▸ EXERCISE OBJECTIVE:
Only one span is wanted from the lines below: from the one with "Ruske ručno tkanih" up to and including the one with "Authentic pre-loved Chanel". Copy it exactly, without images.

▸ RECORDS PROVIDED:
******

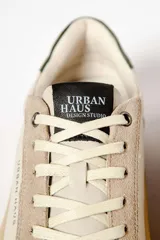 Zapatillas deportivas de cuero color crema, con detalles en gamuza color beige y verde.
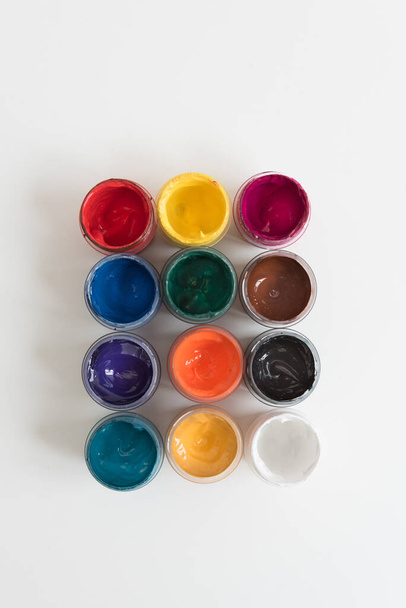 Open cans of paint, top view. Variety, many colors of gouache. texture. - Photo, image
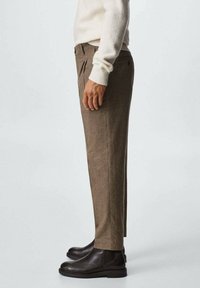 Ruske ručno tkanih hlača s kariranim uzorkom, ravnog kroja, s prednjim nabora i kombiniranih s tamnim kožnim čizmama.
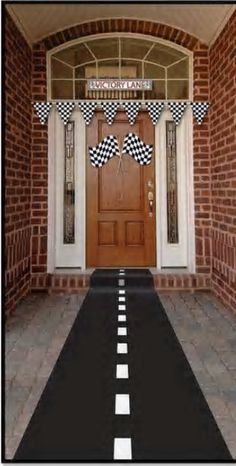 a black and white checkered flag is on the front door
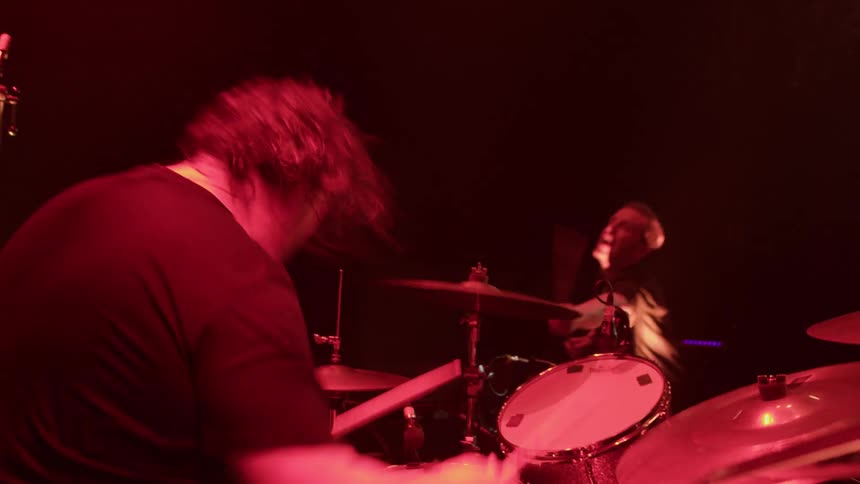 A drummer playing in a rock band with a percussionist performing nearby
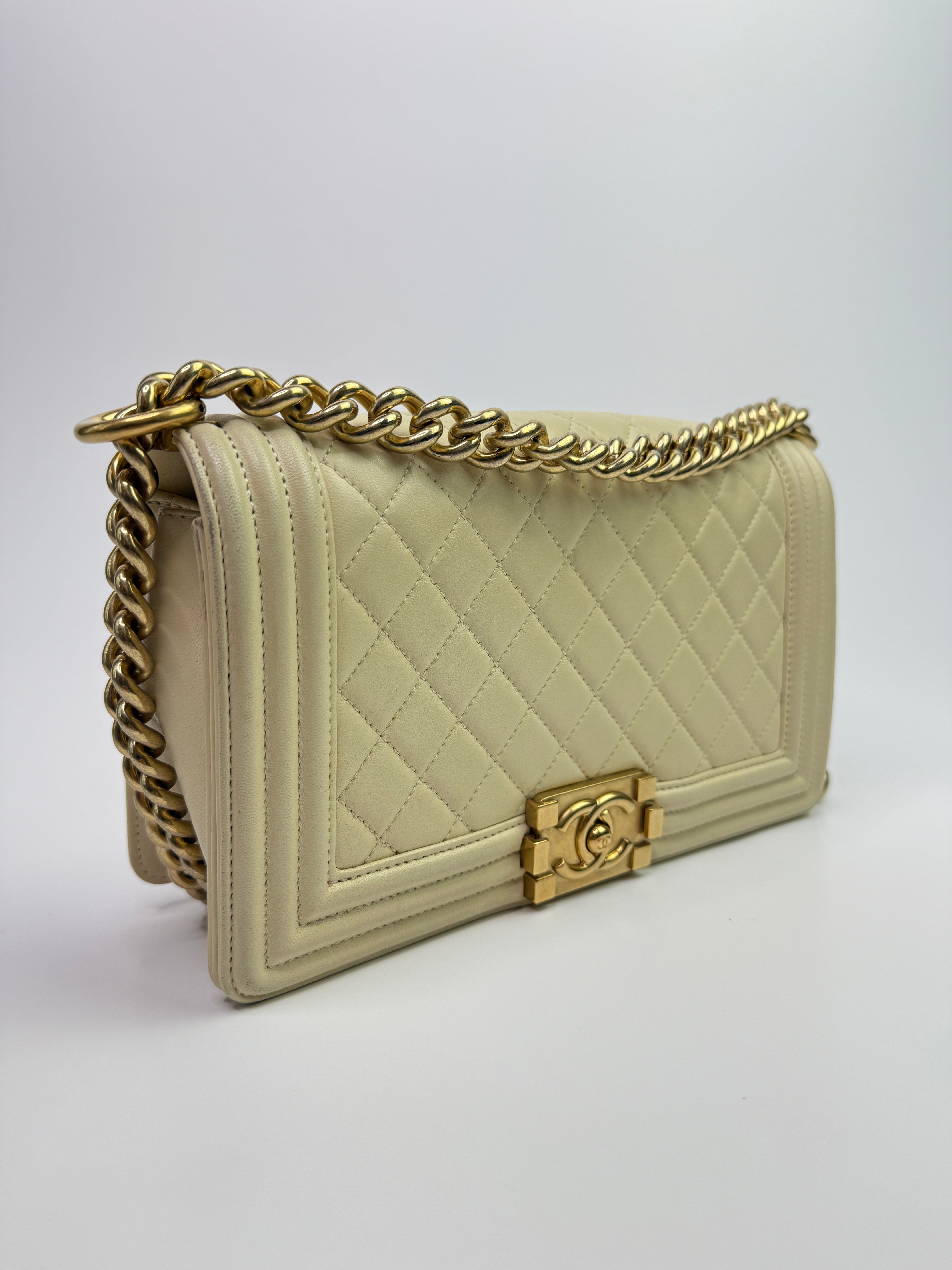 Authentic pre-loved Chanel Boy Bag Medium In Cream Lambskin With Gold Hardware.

******

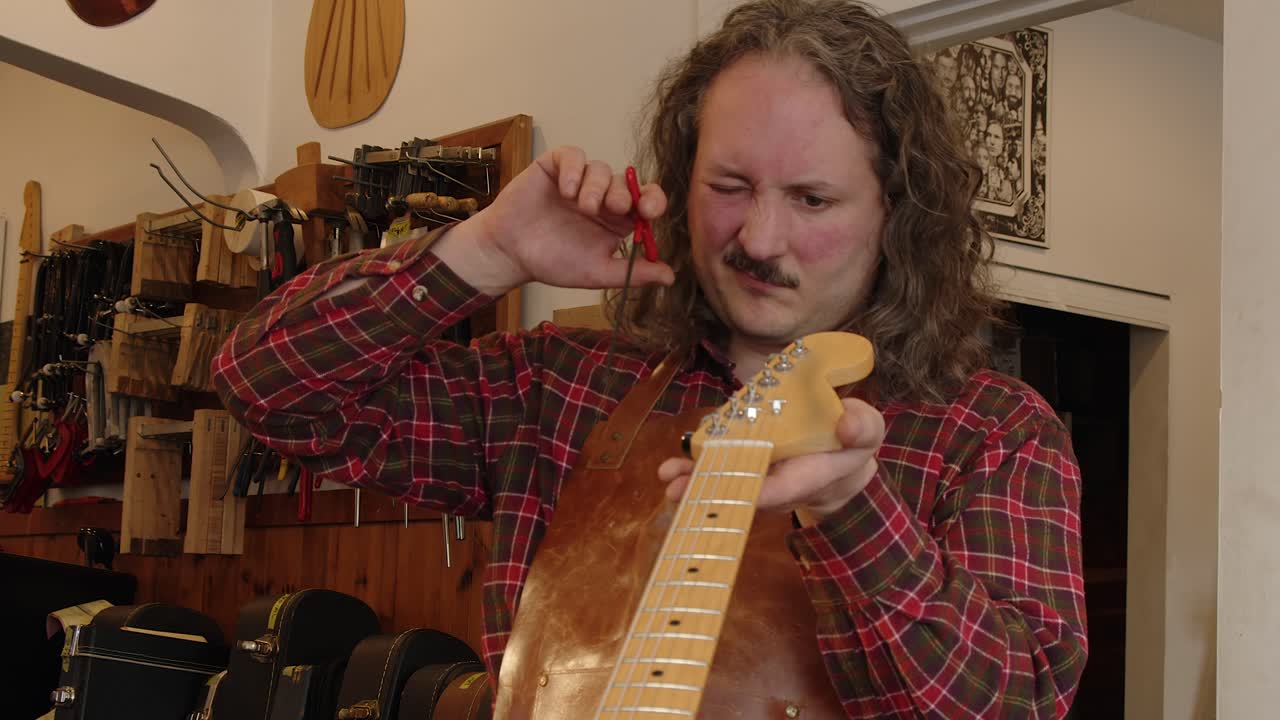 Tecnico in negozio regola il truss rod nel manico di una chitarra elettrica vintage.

******

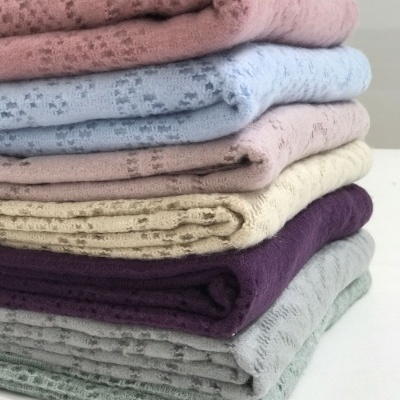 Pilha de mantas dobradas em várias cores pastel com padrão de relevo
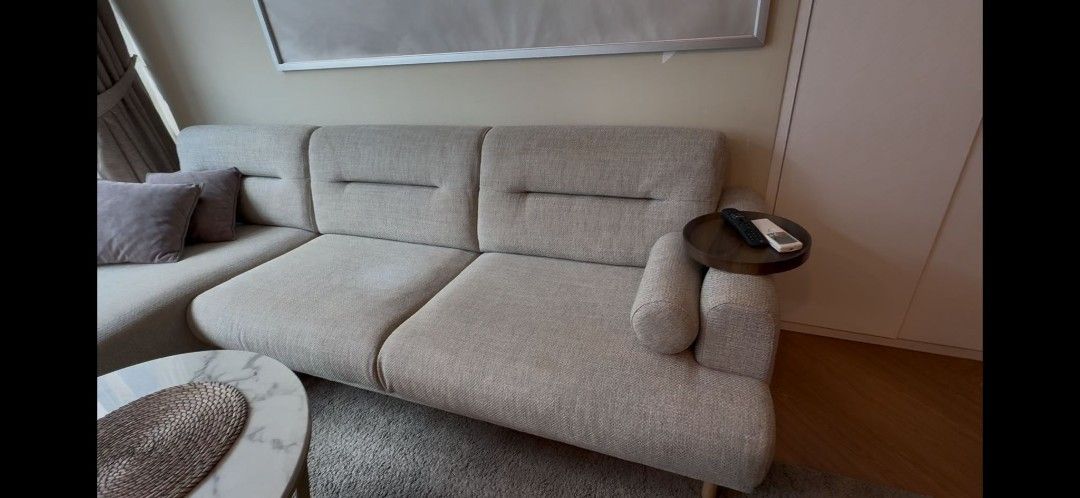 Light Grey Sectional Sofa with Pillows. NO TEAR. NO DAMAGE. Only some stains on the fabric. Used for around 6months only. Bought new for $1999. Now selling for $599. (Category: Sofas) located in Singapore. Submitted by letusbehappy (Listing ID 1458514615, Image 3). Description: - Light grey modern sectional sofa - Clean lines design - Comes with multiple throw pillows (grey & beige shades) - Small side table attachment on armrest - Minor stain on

******

▸ TASK RESULT:
 Ruske ručno tkanih hlača s kariranim uzorkom, ravnog kroja, s prednjim nabora i kombiniranih s tamnim kožnim čizmama.
 a black and white checkered flag is on the front door
 A drummer playing in a rock band with a percussionist performing nearby
 Authentic pre-loved Chanel Boy Bag Medium In Cream Lambskin With Gold Hardware.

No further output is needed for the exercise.